GIVEN DATA —
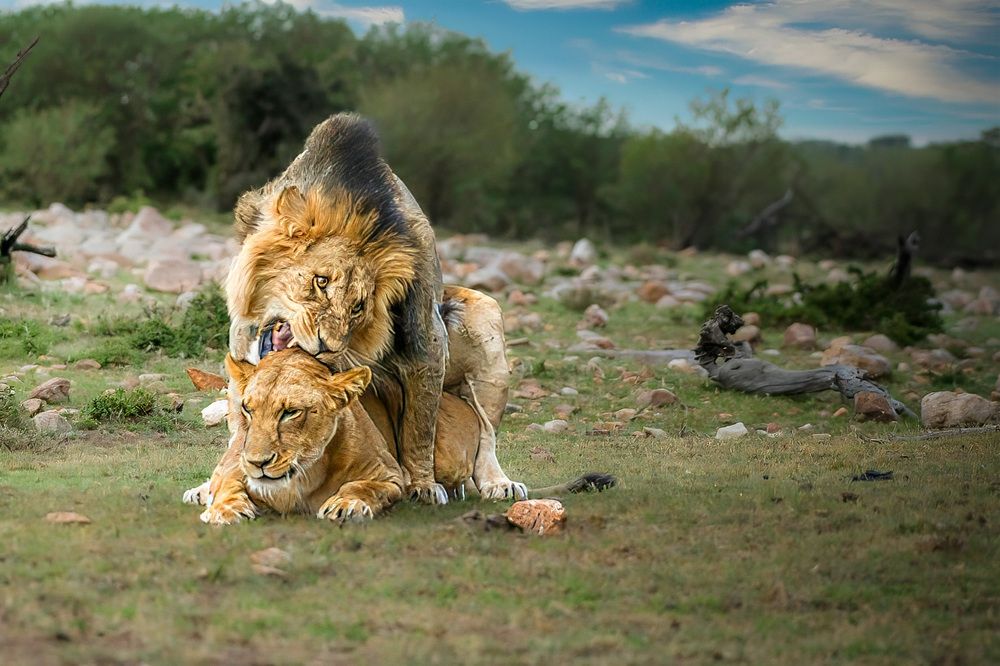 Фотография автора Bhupender Gupta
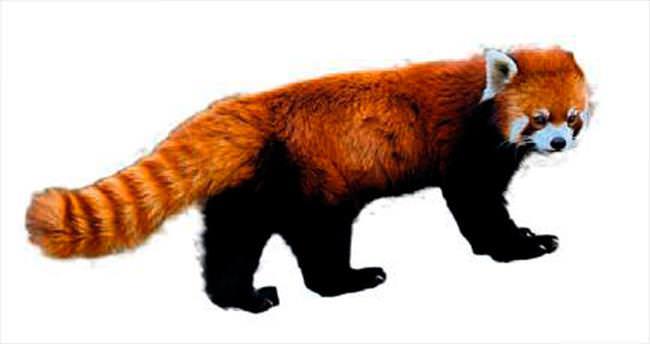 Kızıl panda 3 gündür kayıp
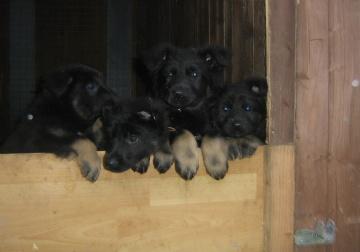 Altdeutsche Schäferhund Welpen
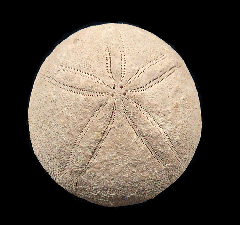 Echinolampas burgigalensis | Buried Treasure Fossils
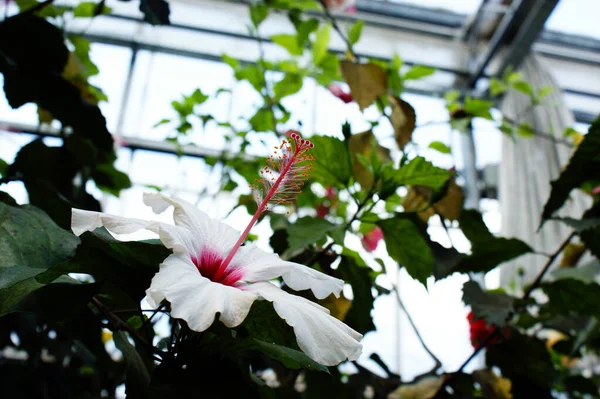 Blanc Unique Fleur Hibiscus Étamines Roses Beaux Pétales Dans Serre — Photo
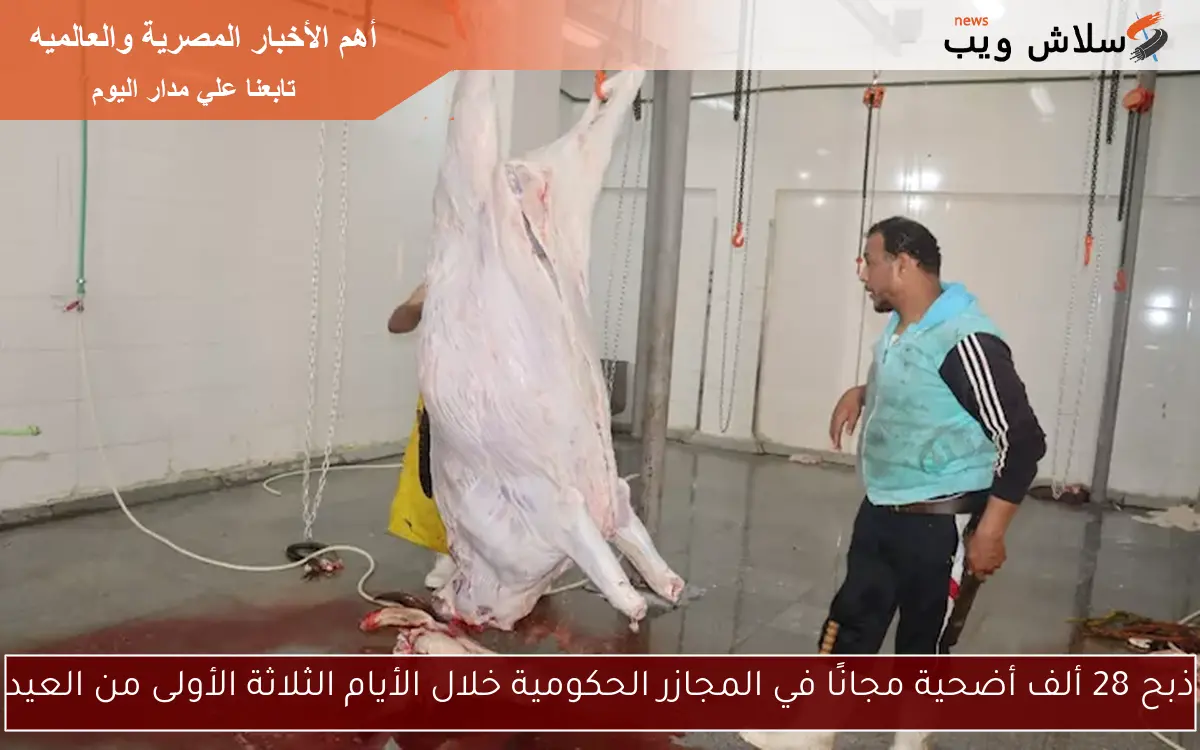 ذبح 28 ألف أضحية مجانًا في المجازر الحكومية خلال الأيام الثلاثة الأولى من العيد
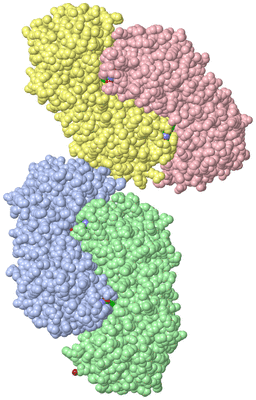 Image Biological Unit 7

AIM OF THE EXERCISE — Retype all of the entries exactly as written, leaving out any images.

EXERCISE SOLUTION —
 Фотография автора Bhupender Gupta
 Kızıl panda 3 gündür kayıp
 Altdeutsche Schäferhund Welpen
 Echinolampas burgigalensis | Buried Treasure Fossils
 Blanc Unique Fleur Hibiscus Étamines Roses Beaux Pétales Dans Serre — Photo
 ذبح 28 ألف أضحية مجانًا في المجازر الحكومية خلال الأيام الثلاثة الأولى من العيد
 Image Biological Unit 7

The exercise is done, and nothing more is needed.